Amyas Morse, the watchdog’s head, said that, although the scheme had been providing a “good” return on public spending, the BIS should “set its sights higher in order to get better value from the £0.5 billion and rising now spend on adult apprenticeships each year.”
To this end, it needed to “target resources more effectively; confirm the training provided is in addition to what would have been provided without public support, and make sure that the funding system is informed by robust information on the cost of delivery”, he added.
The NAO’s report also found that the Apprenticeship Programme had expanded by 140% between the 2006/7 and 2010/11 academic years, with over 25 year olds accounting for 68% of this increase, spread across only 10 occupations.
Both apprentices and inspectors were generally positive about the quality of schemes, however, with 91% of the former saying they were satisfied with their training.
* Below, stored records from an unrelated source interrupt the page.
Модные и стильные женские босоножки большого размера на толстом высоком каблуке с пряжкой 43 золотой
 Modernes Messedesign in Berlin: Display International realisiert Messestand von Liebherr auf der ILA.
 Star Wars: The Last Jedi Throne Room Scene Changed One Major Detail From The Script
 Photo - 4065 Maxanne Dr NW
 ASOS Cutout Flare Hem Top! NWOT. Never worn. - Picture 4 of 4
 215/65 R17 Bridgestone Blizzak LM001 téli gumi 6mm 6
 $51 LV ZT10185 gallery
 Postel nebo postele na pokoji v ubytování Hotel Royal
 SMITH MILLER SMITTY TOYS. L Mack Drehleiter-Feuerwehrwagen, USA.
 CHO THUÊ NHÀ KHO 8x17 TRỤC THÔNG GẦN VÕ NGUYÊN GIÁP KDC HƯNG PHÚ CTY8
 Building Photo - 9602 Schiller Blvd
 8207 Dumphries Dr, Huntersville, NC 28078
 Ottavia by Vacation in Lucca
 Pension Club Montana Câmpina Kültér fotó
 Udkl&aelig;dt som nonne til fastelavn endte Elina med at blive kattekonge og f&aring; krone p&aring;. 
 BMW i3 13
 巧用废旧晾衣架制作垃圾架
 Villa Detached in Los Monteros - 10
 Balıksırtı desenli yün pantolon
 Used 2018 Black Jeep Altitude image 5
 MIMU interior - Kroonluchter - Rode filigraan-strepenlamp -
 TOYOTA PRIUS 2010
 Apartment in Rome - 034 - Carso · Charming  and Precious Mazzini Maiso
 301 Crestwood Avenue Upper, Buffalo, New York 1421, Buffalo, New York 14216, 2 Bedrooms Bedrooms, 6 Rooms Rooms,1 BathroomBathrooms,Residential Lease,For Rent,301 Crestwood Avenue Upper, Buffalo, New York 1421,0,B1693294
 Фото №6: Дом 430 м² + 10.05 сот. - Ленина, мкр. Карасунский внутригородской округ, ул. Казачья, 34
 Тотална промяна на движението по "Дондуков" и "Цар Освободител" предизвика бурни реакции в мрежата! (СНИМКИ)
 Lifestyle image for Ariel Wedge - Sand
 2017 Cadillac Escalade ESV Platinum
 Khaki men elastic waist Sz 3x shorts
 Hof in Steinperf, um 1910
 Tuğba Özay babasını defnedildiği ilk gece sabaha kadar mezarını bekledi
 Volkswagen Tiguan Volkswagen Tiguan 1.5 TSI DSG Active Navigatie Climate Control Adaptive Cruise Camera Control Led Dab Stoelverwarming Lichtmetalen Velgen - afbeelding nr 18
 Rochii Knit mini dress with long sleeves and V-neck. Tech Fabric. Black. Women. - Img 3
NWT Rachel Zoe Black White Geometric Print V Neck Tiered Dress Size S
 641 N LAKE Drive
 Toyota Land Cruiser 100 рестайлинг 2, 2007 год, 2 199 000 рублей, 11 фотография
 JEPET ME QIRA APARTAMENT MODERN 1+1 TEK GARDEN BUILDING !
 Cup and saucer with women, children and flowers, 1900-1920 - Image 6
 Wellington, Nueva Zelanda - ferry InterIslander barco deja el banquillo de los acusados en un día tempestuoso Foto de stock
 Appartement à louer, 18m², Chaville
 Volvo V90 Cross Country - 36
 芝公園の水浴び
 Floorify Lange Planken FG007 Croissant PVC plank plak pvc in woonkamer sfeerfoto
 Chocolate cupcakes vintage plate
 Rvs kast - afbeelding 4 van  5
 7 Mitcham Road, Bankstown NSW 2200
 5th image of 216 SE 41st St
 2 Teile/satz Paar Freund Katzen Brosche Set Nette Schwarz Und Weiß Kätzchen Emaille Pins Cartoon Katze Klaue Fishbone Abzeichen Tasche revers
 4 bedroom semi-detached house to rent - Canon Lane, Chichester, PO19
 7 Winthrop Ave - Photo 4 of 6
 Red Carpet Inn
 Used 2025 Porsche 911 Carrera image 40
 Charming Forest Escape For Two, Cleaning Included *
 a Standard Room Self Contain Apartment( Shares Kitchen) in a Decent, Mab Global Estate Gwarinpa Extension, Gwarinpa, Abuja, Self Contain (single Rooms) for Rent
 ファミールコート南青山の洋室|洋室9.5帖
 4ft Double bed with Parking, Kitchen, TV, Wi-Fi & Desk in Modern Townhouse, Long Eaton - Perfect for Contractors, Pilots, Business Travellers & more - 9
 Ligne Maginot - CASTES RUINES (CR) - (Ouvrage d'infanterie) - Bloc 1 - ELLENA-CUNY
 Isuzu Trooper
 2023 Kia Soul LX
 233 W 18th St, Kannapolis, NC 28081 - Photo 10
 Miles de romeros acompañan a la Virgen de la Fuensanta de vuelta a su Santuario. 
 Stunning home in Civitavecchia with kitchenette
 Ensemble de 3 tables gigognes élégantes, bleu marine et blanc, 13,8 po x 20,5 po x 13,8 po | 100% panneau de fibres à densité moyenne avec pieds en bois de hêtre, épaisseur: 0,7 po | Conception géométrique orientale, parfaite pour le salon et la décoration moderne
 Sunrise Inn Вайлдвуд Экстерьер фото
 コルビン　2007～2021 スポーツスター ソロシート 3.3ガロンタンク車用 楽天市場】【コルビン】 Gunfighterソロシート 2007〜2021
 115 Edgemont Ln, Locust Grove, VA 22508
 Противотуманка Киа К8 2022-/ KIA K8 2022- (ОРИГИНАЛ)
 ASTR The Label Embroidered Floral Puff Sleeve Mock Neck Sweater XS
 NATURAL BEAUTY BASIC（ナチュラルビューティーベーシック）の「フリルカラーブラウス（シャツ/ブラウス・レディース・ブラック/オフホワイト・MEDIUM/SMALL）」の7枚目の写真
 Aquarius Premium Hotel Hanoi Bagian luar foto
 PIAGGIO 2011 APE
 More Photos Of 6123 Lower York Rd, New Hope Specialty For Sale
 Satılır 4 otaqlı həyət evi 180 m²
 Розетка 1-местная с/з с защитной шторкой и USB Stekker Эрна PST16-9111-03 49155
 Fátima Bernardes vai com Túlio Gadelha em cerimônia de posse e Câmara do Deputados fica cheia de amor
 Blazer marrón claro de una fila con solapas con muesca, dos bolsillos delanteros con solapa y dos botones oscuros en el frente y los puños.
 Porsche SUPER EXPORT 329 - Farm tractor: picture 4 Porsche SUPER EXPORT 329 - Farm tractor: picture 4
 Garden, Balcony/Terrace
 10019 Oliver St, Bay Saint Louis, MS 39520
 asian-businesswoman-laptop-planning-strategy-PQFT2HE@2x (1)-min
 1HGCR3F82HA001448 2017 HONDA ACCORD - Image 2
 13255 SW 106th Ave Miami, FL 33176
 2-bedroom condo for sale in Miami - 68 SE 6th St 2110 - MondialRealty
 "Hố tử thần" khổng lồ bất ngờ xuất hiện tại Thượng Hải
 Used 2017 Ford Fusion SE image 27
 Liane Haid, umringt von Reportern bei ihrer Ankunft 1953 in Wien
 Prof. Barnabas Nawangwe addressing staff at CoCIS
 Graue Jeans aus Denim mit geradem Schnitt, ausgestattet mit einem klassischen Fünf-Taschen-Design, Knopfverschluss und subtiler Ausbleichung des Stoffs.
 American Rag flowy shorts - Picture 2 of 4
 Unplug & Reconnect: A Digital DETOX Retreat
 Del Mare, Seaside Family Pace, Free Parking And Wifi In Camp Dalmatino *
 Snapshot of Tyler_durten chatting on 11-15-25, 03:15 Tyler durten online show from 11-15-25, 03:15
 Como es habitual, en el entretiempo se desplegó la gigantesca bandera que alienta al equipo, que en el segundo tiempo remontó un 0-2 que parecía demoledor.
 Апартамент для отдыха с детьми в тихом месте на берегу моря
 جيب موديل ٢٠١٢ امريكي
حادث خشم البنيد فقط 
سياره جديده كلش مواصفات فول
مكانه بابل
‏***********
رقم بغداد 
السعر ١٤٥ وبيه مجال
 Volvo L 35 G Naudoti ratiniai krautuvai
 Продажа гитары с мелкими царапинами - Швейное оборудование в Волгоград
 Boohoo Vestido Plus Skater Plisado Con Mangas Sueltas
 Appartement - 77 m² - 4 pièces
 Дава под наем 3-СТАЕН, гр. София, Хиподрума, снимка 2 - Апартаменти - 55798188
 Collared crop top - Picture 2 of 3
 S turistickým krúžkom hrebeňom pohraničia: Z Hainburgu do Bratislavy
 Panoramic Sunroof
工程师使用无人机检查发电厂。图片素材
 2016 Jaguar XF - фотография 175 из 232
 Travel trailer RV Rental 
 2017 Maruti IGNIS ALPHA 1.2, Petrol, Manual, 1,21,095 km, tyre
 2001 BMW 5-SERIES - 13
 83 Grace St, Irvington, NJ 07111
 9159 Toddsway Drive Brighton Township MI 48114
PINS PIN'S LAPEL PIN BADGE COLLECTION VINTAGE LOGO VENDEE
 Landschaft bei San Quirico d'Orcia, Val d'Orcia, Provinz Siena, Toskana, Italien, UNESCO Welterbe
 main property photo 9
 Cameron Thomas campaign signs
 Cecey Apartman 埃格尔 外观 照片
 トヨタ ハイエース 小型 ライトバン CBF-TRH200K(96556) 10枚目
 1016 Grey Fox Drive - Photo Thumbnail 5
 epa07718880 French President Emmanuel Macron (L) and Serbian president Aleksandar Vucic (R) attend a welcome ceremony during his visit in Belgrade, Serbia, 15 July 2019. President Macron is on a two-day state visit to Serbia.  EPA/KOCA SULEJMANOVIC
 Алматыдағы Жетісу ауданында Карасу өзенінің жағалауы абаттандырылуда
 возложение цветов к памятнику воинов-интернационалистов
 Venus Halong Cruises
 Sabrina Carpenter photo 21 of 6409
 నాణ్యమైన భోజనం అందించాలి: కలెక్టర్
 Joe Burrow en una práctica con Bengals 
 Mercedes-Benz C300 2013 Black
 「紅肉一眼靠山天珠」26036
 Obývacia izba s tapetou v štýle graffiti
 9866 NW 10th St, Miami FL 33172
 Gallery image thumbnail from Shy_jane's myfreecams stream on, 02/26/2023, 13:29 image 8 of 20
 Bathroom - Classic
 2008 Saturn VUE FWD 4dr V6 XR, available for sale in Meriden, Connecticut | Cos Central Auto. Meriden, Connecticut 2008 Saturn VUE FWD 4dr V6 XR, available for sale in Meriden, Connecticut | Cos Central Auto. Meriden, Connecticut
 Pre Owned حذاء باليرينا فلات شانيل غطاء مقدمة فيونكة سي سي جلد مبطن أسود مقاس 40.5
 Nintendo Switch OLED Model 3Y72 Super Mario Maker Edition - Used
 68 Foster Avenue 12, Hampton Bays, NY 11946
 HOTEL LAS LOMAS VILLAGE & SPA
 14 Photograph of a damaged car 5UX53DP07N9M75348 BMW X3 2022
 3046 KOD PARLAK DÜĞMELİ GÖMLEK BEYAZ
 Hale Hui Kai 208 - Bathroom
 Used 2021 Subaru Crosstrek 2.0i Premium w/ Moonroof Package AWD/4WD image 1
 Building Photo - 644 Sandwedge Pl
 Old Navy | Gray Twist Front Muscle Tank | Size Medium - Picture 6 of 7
But the watchdog warned that the Programme’s rapid expansion generated risks that had to be managed.
For example, one area of concern in 2010/11 was that 34,600 or 19% of all apprenticeships lasted for only six months rather than the expected minimum of a year.
As to whether training providers were creaming off profits at public expense or incurring losses, meanwhile, it was currently unclear, the report said. The problem was the lack of clarity on the rates paid by the Skills Funding Agency on behalf of the National Apprenticeship Service as they were not based on sufficiently “robust” information.
What was clear, however, was that some employers were failing to pay the expected contribution towards training providers’ costs, it added.